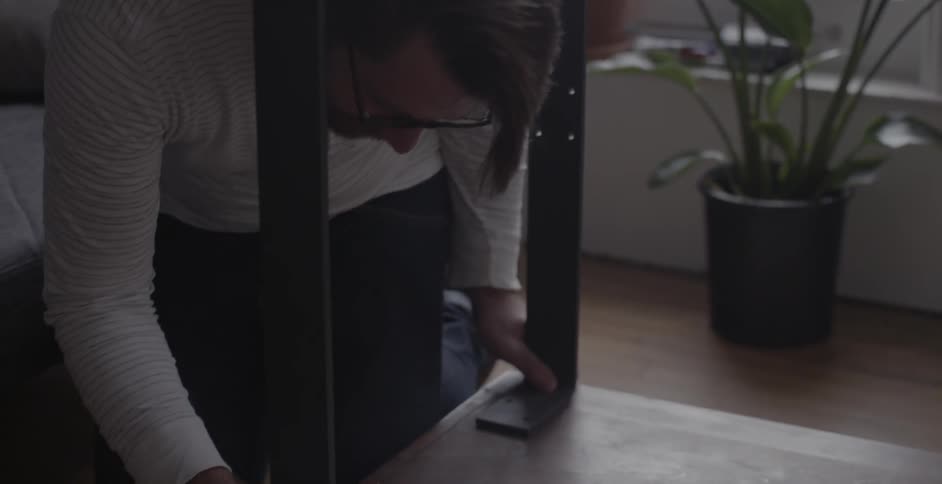 A man assembles a piece of furniture on the living room floor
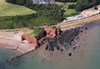 A First Great Western Class 143 bound for Paignton passes Langstone Rock, between Dawlish Warren and Dawlish. The landmark was once connected to the adjacent cliffs, but was severed during the construction of the sea wall railway. First Great Western train passes Langstone Rock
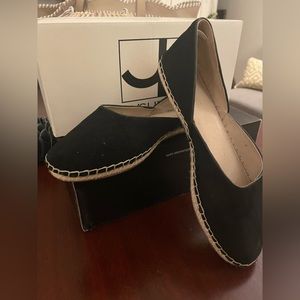 Black suede espadrilles with detailed stitching.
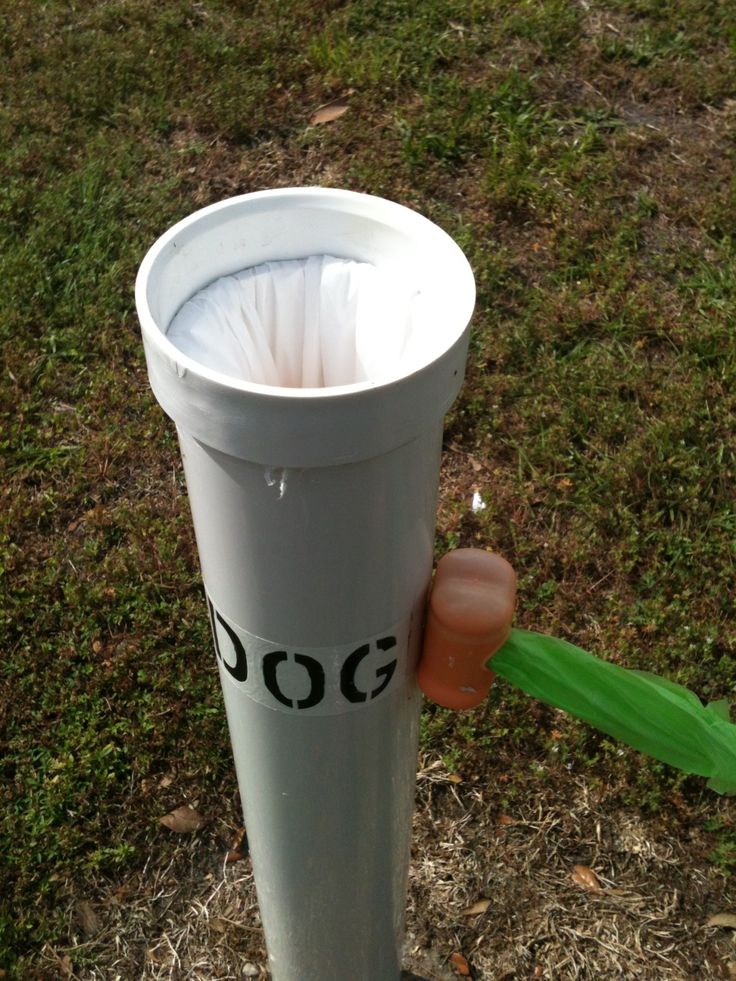 a person holding a plastic cup in their hand and throwing it into the trash can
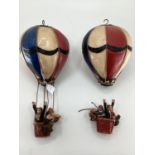 A pair of decorative papier Mache style hot air balloons, each 45cm H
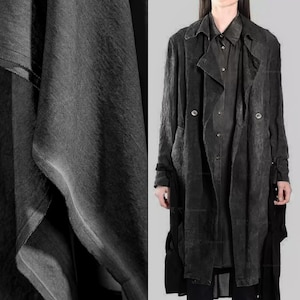 Puede incluir: Un abrigo tipo trench de color gris oscuro con diseño de doble botonadura y solapas grandes. El abrigo se lleva sobre una camisa y un pantalón a juego. La tela tiene un aspecto texturizado. El estilo general es minimalista y moderno.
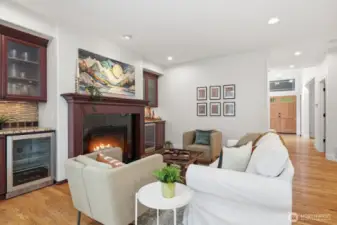 Family room boasts warm custom cabinetry and two built-in beverage and wine fridges.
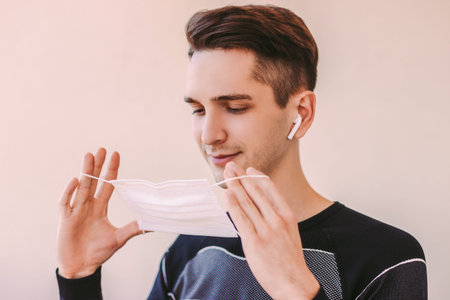 Portrait of happy young sports man listening music in wireless earphones and wearing medical face...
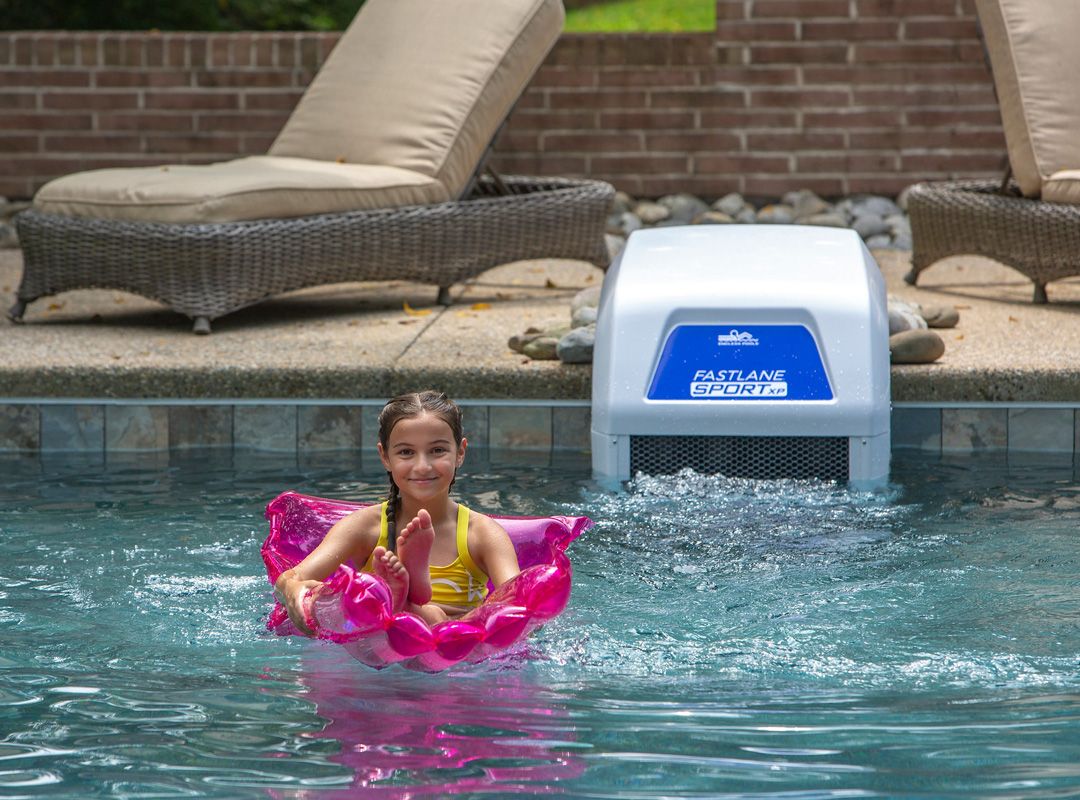 picture of girl enjoying the swim jet system of the Endless Pools Fastlane Sport XP system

--------

▸ Work item
The answer is to be the lines from the line that contains "Puede incluir: Un" through the last line of the material, retyped exactly, both included, with pictures left out, please.

▸ Response to the exercise
 Puede incluir: Un abrigo tipo trench de color gris oscuro con diseño de doble botonadura y solapas grandes. El abrigo se lleva sobre una camisa y un pantalón a juego. La tela tiene un aspecto texturizado. El estilo general es minimalista y moderno.
 Family room boasts warm custom cabinetry and two built-in beverage and wine fridges.
 Portrait of happy young sports man listening music in wireless earphones and wearing medical face...
 picture of girl enjoying the swim jet system of the Endless Pools Fastlane Sport XP system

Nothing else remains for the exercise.